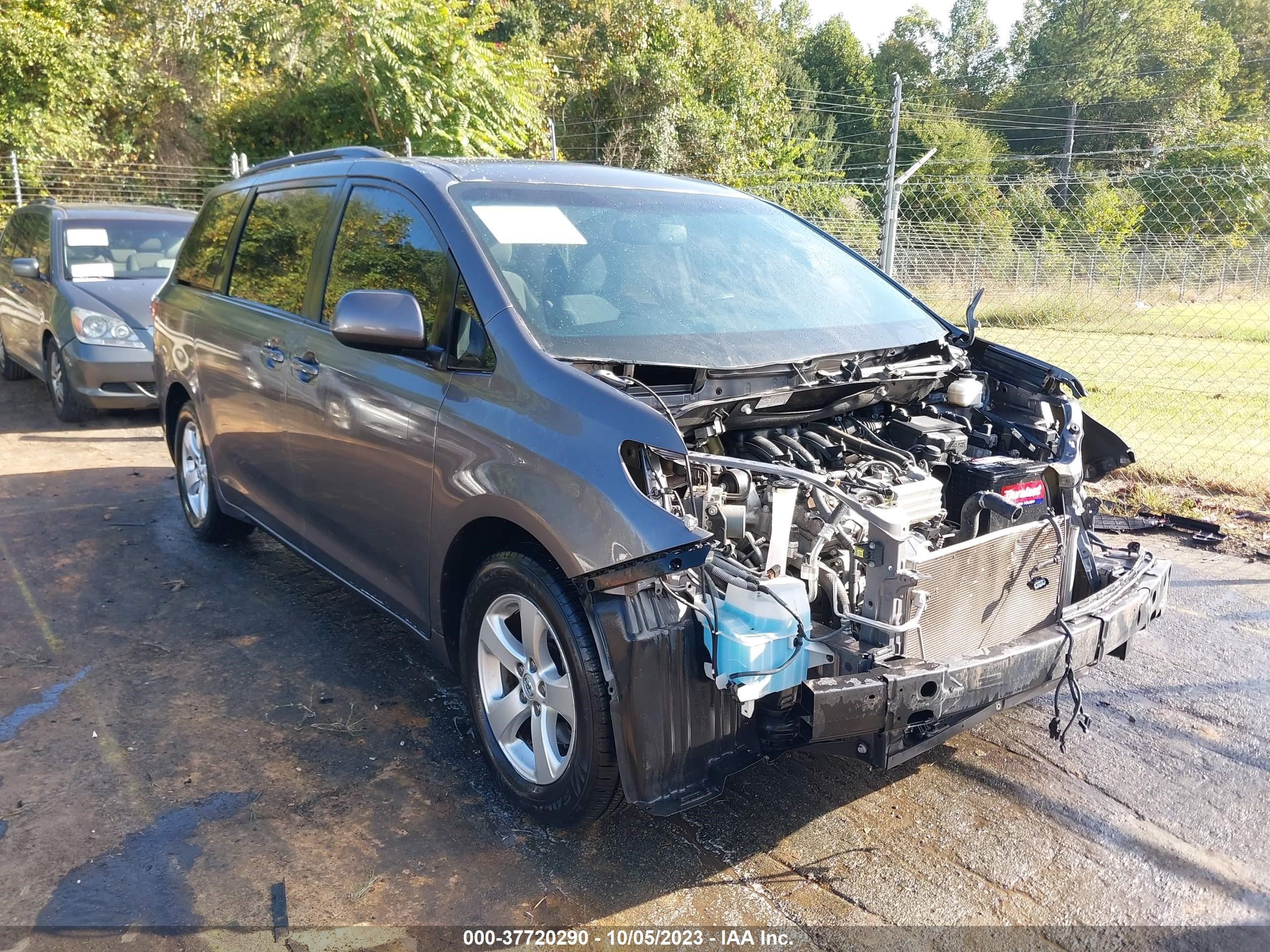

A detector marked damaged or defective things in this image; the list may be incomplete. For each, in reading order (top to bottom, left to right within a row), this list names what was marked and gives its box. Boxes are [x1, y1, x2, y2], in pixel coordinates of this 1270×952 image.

damaged front end of minivan [571, 332, 1163, 817]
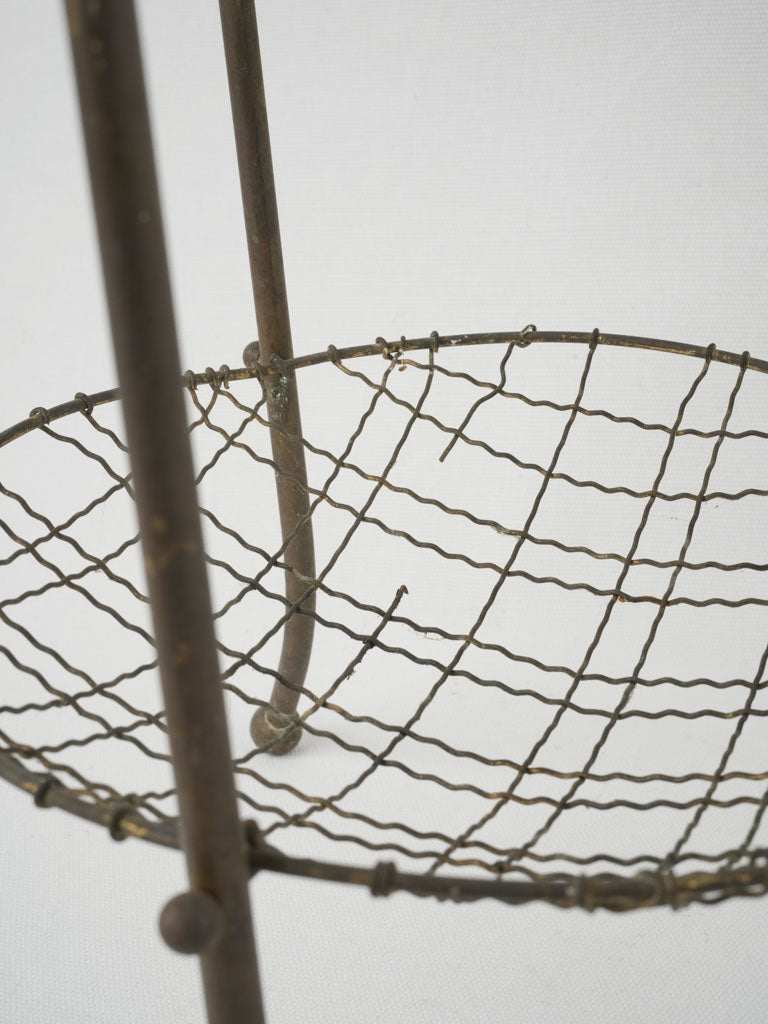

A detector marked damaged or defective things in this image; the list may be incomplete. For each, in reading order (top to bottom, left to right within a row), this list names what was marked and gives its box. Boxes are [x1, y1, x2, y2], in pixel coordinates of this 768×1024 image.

rusted metal surface [61, 4, 264, 1019]
rusted metal surface [218, 0, 317, 753]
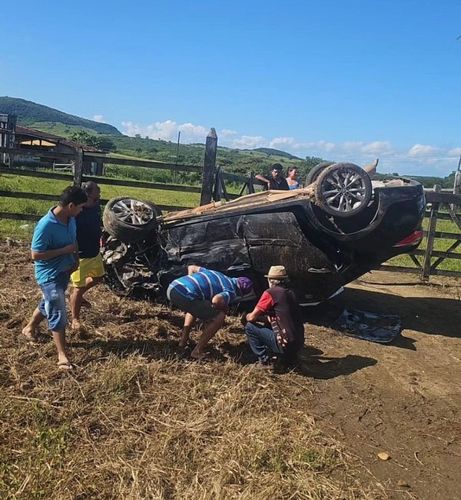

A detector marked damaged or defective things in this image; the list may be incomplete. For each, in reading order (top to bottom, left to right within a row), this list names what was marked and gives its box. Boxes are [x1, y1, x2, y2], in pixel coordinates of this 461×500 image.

damaged car body [101, 164, 424, 302]
overturned car [101, 164, 424, 304]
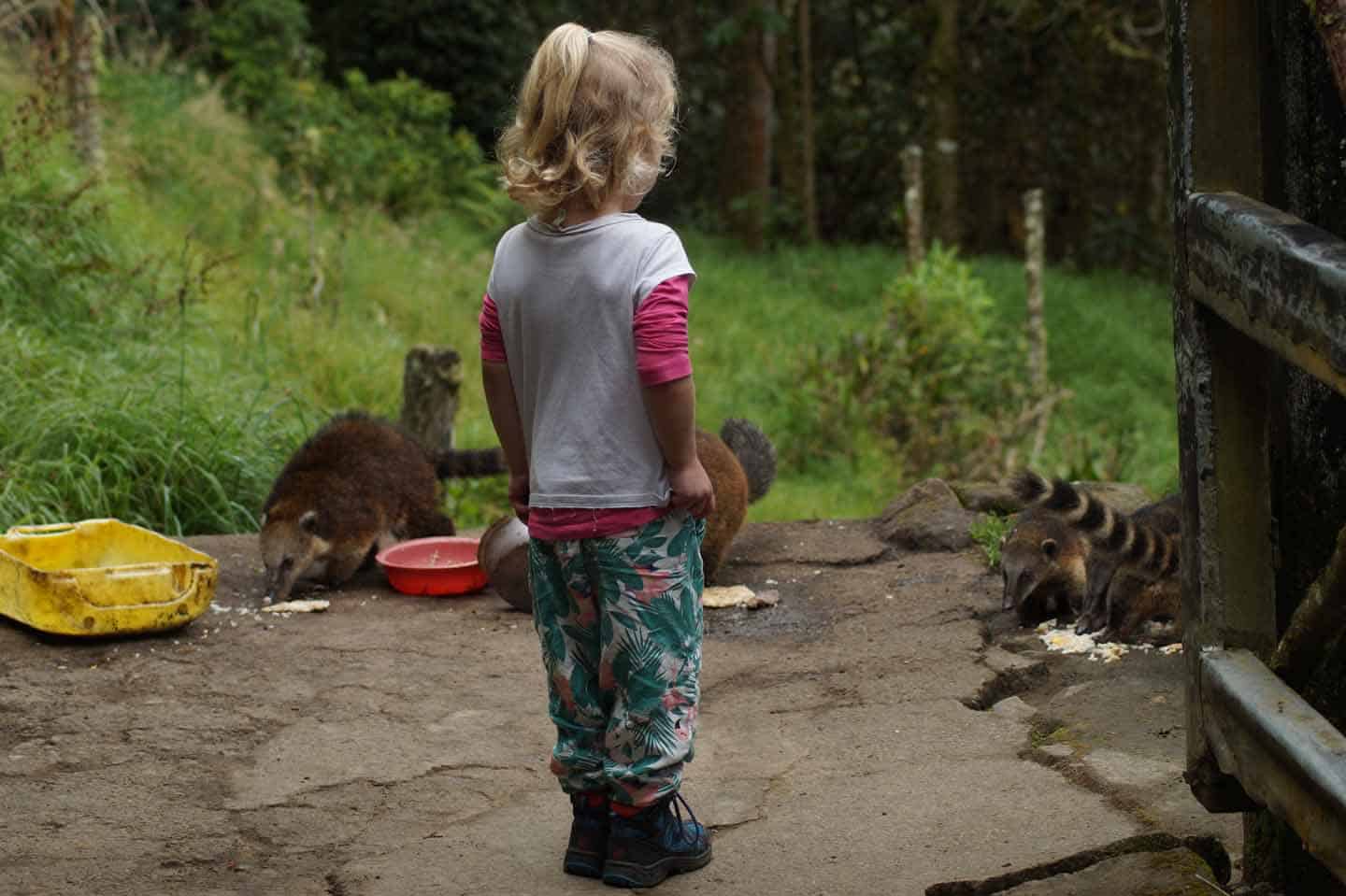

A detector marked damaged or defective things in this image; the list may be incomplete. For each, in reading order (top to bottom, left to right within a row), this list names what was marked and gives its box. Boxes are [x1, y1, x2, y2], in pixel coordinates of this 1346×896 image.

cracked concrete slab [0, 519, 1238, 888]
rusty metal gate [1173, 0, 1346, 888]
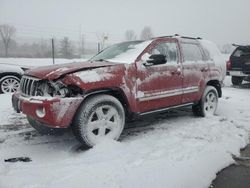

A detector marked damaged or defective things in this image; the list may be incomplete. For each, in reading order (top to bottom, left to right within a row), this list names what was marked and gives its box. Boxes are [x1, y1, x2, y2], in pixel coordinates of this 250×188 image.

crumpled hood [24, 61, 117, 80]
damaged front end [12, 75, 84, 129]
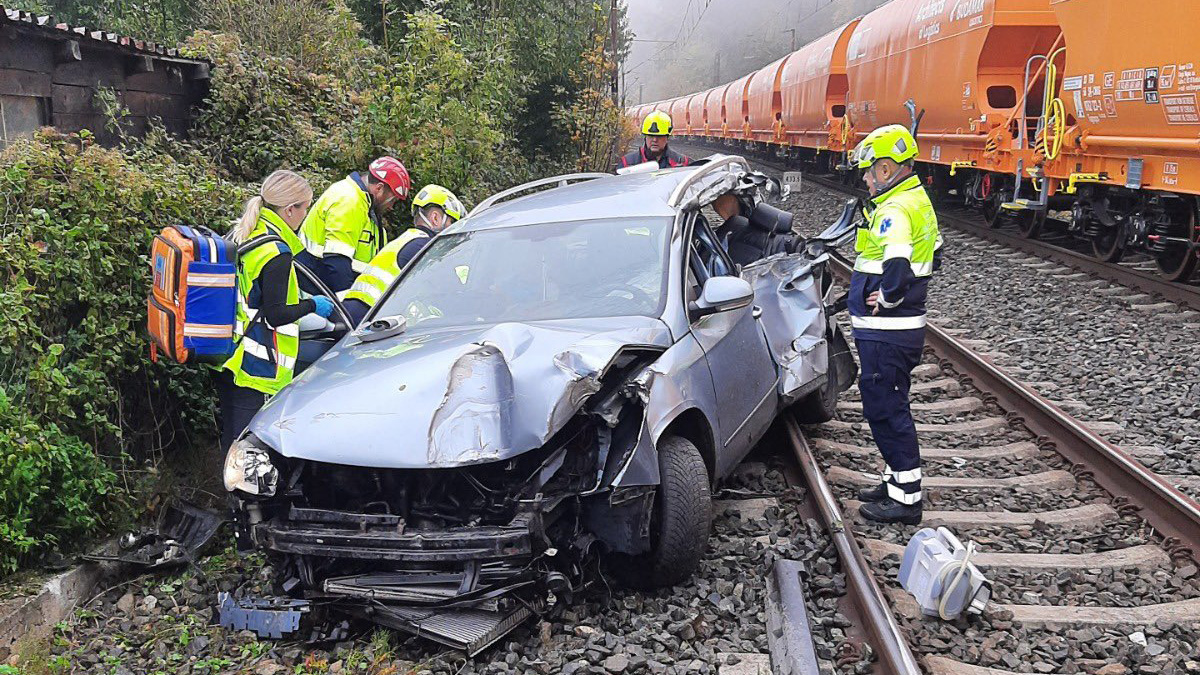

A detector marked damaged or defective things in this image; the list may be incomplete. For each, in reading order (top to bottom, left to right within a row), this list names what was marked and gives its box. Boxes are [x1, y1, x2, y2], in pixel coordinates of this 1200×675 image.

crushed car hood [247, 317, 672, 466]
wrecked silver car [223, 156, 854, 653]
detached car part on ground [220, 156, 859, 653]
damaged car door [686, 211, 777, 473]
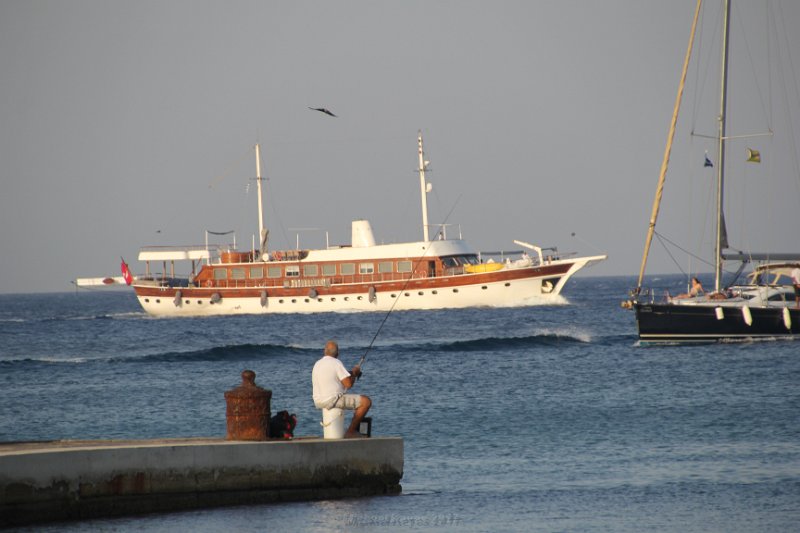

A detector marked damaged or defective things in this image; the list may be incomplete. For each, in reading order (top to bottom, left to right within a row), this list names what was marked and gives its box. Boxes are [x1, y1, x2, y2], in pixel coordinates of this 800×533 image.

rusty metal bollard [223, 368, 274, 438]
rusty barrel [225, 368, 272, 438]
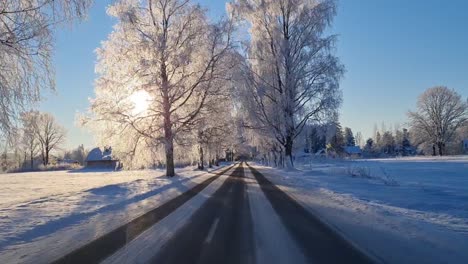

--*--

*Exercise:*
Exact copies of the entries above are needed, without their pictures.

*Response for this exercise:*
A detector marked damaged or defective things in this image; the list may be incomplete. For each, in reading order (top to bottom, left to right within a row), this list names what was marked and gives its box. Boxes are [x1, y1, x2, y2], in pixel coordinates of this 1270×952 image.

damaged front end of minivan [571, 332, 1163, 817]

A detector marked damaged or defective things in this image; the list may be incomplete. For each, in reading order (top to bottom, left to right within a row), this list names what was marked and gives its box. Boxes are [x1, y1, x2, y2], in pixel coordinates of this 768×1024 image.

rusted metal surface [61, 4, 264, 1019]
rusted metal surface [218, 0, 317, 753]

A detector marked damaged or defective things in this image; the list may be incomplete. For each, in reading order (top to bottom, left to right within a row), this list names what was marked and gives its box. Boxes are [x1, y1, x2, y2], in pixel coordinates of this 461×500 image.

damaged car body [101, 164, 424, 302]
overturned car [101, 164, 424, 304]

A detector marked damaged or defective things in this image; the list may be incomplete. For each, in reading order (top to bottom, left to right within a row), this list names what was marked and gives its box. Boxes are [x1, y1, x2, y2], in pixel coordinates of this 1346×896 image.

cracked concrete slab [0, 519, 1238, 888]
rusty metal gate [1173, 0, 1346, 888]

A detector marked damaged or defective things in this image; the list may be incomplete. For each, in reading order (top to bottom, left to right within a row), this list names what was marked and gives its box. Boxes are [x1, y1, x2, y2], in pixel coordinates of this 250×188 image.

crumpled hood [24, 61, 117, 80]
damaged front end [12, 75, 84, 129]

A detector marked damaged or defective things in this image; the list may be incomplete. For each, in reading order (top to bottom, left to right within a row), this list names what was marked and gives its box. Boxes are [x1, y1, x2, y2], in pixel coordinates of this 1200×675 image.

crushed car hood [247, 317, 672, 466]
wrecked silver car [223, 156, 854, 653]
detached car part on ground [220, 156, 859, 653]
damaged car door [686, 211, 777, 473]

A detector marked damaged or defective things in this image; the list may be incomplete. For each, in reading order (top to bottom, left to right within a row), this list names what was marked and gives its box. Boxes are [x1, y1, x2, y2], in pixel coordinates of this 800×533 image.

rusty metal bollard [223, 368, 274, 438]
rusty barrel [225, 368, 272, 438]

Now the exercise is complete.